It doesn’t feel like Christmas until Dad sings O Holy Night. Some of you reading this have had the honor of hearing my dad’s gorgeous rendition of this in person. A video just doesn’t quite do it justice. It’s a powerful song in and of itself, and when my dad starts to sing, I like to just sit back and drink in the Christmas magic.
We’ve been listening to the song more often this past week, but not just because it’s part of our usual Christmas soundtrack. Roman is singing it with kiddos at church on Sunday, and they practiced up front after service last week. For Evan and I, it was like Christmas morning watching the joy on his face as he sang and danced. To Roman, this was not a rehearsal. Kids are so awesome that way. They live life so raw and authentically. As the song played, in that moment, he gave it all he had. I love that about him.
As I’m smiling and watching these sweet kiddos rejoice so naturally, a line in one of my favorite Christmas songs of all time hit differently this year. I think you may know the one I mean.
A thrill of hope, the weary world rejoices.
The weary world rejoices? (Insert weary sigh of a 31 year old toddler mom who has multiple sclerosis.)
Insert your own weary sigh if that’s honest for you. Even amidst the Christmas season, weary might just be the word to describe it.
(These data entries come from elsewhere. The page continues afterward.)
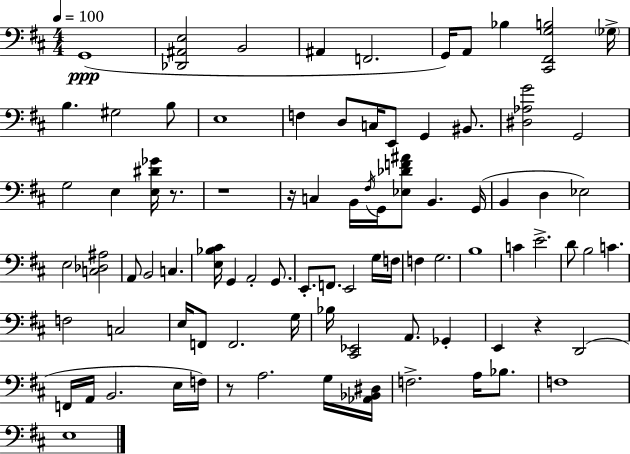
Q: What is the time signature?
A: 4/4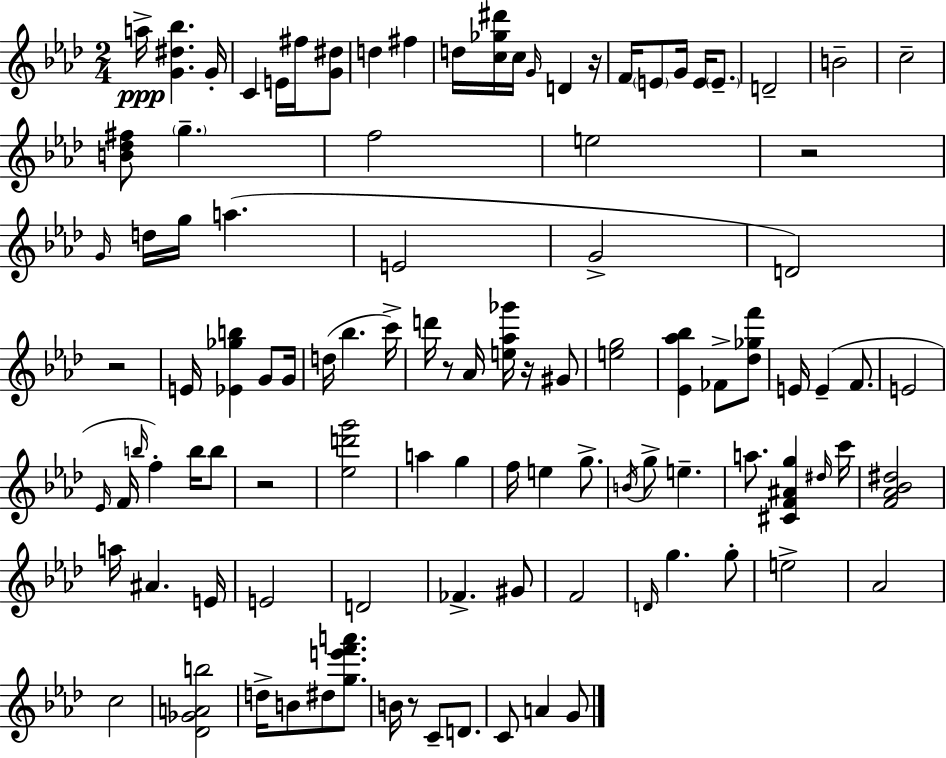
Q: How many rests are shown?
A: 7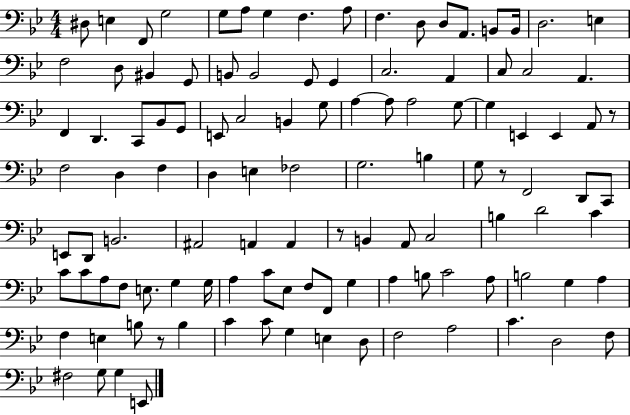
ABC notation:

X:1
T:Untitled
M:4/4
L:1/4
K:Bb
^D,/2 E, F,,/2 G,2 G,/2 A,/2 G, F, A,/2 F, D,/2 D,/2 A,,/2 B,,/2 B,,/4 D,2 E, F,2 D,/2 ^B,, G,,/2 B,,/2 B,,2 G,,/2 G,, C,2 A,, C,/2 C,2 A,, F,, D,, C,,/2 _B,,/2 G,,/2 E,,/2 C,2 B,, G,/2 A, A,/2 A,2 G,/2 G, E,, E,, A,,/2 z/2 F,2 D, F, D, E, _F,2 G,2 B, G,/2 z/2 F,,2 D,,/2 C,,/2 E,,/2 D,,/2 B,,2 ^A,,2 A,, A,, z/2 B,, A,,/2 C,2 B, D2 C C/2 C/2 A,/2 F,/2 E,/2 G, G,/4 A, C/2 _E,/2 F,/2 F,,/2 G, A, B,/2 C2 A,/2 B,2 G, A, F, E, B,/2 z/2 B, C C/2 G, E, D,/2 F,2 A,2 C D,2 F,/2 ^F,2 G,/2 G, E,,/2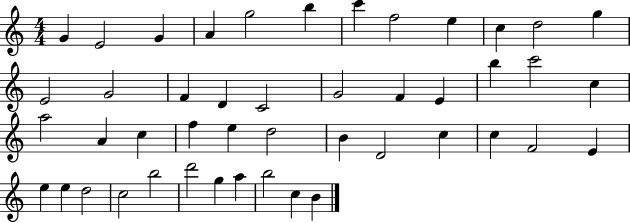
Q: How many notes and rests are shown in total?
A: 46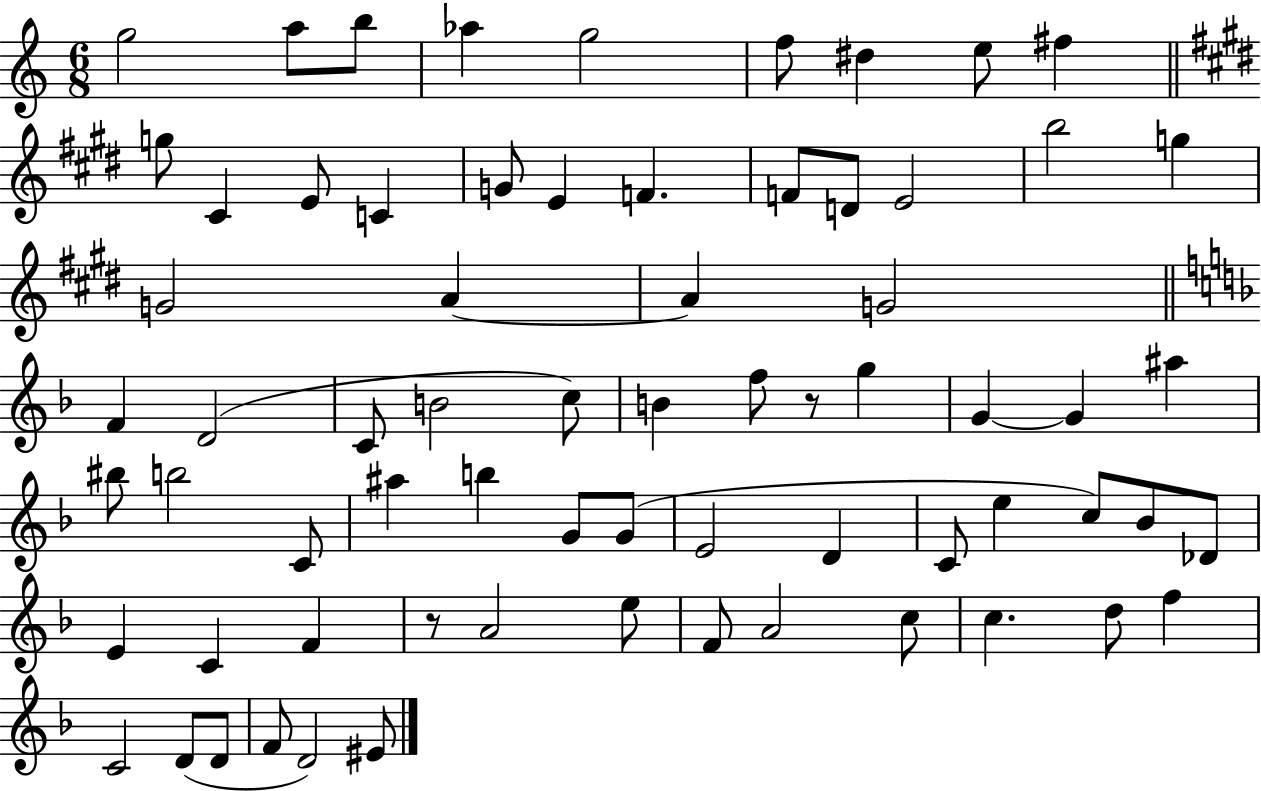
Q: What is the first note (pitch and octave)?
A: G5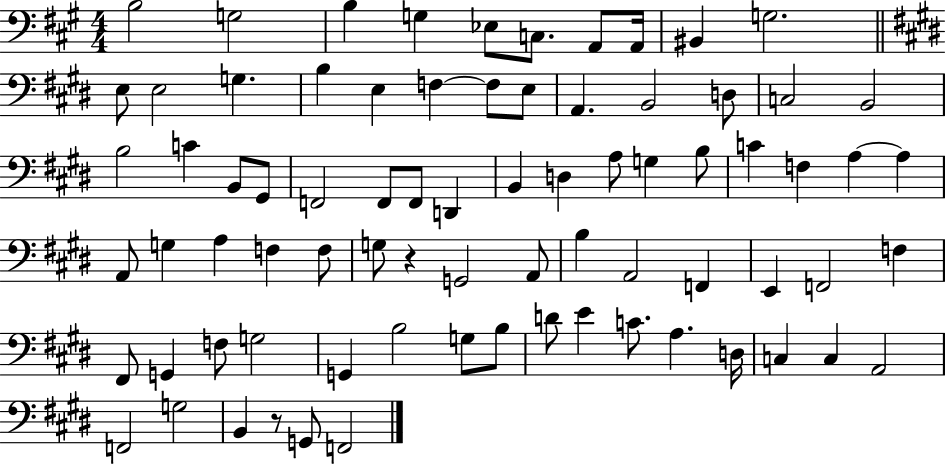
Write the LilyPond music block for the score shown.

{
  \clef bass
  \numericTimeSignature
  \time 4/4
  \key a \major
  \repeat volta 2 { b2 g2 | b4 g4 ees8 c8. a,8 a,16 | bis,4 g2. | \bar "||" \break \key e \major e8 e2 g4. | b4 e4 f4~~ f8 e8 | a,4. b,2 d8 | c2 b,2 | \break b2 c'4 b,8 gis,8 | f,2 f,8 f,8 d,4 | b,4 d4 a8 g4 b8 | c'4 f4 a4~~ a4 | \break a,8 g4 a4 f4 f8 | g8 r4 g,2 a,8 | b4 a,2 f,4 | e,4 f,2 f4 | \break fis,8 g,4 f8 g2 | g,4 b2 g8 b8 | d'8 e'4 c'8. a4. d16 | c4 c4 a,2 | \break f,2 g2 | b,4 r8 g,8 f,2 | } \bar "|."
}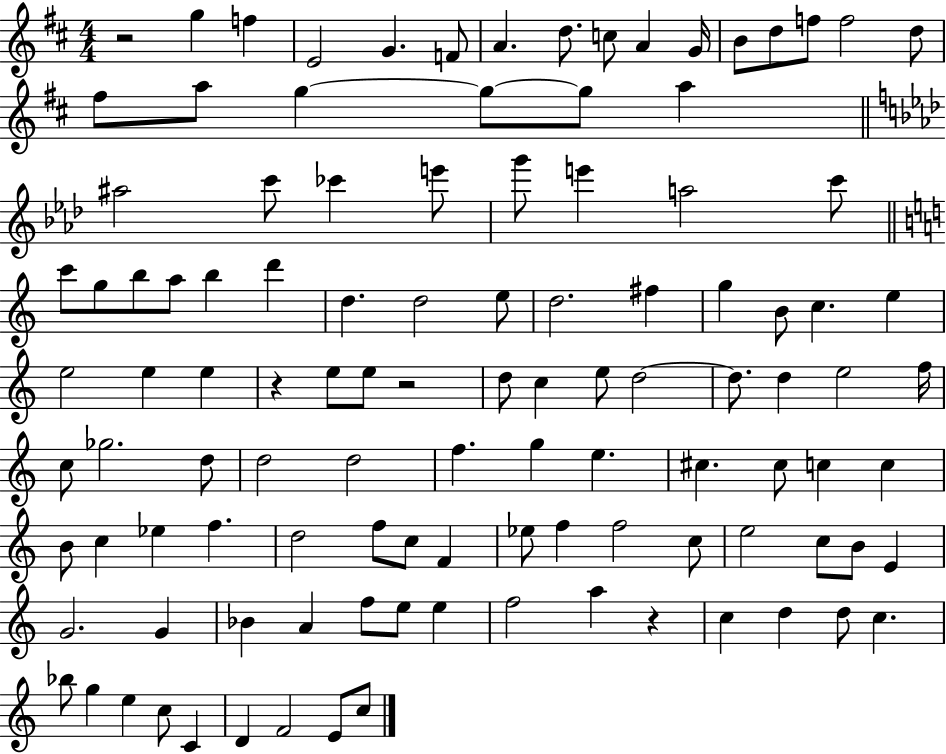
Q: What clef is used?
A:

To some of us, listening to this line “the weary world rejoices” might make them feel like clapping or belting the line out with Christmas cheer. To others (or maybe even the same person, but at a different time in their life) it might feel more like a question or an impossibility. Sometimes, we are in a place where even hearing that a weary world would have the audacity to rejoice when there is so much awfulness may make us angry because our minds cannot conceive of the pain and suffering in this world. The weary world rejoices? Really?
While I started this blog as a place to hopefully bring warmth and light to your life, reader, I mainly started it as a safe space for humans to acknowledge what they are truly made of: dust and the mystery that we call “life”. Some of us call this life that inhabits us the “Imago Dei”, the image of God, or even the breath of God, but what I think we all have in common is that the “life” pulsing through our veins is not something humanly manufactured.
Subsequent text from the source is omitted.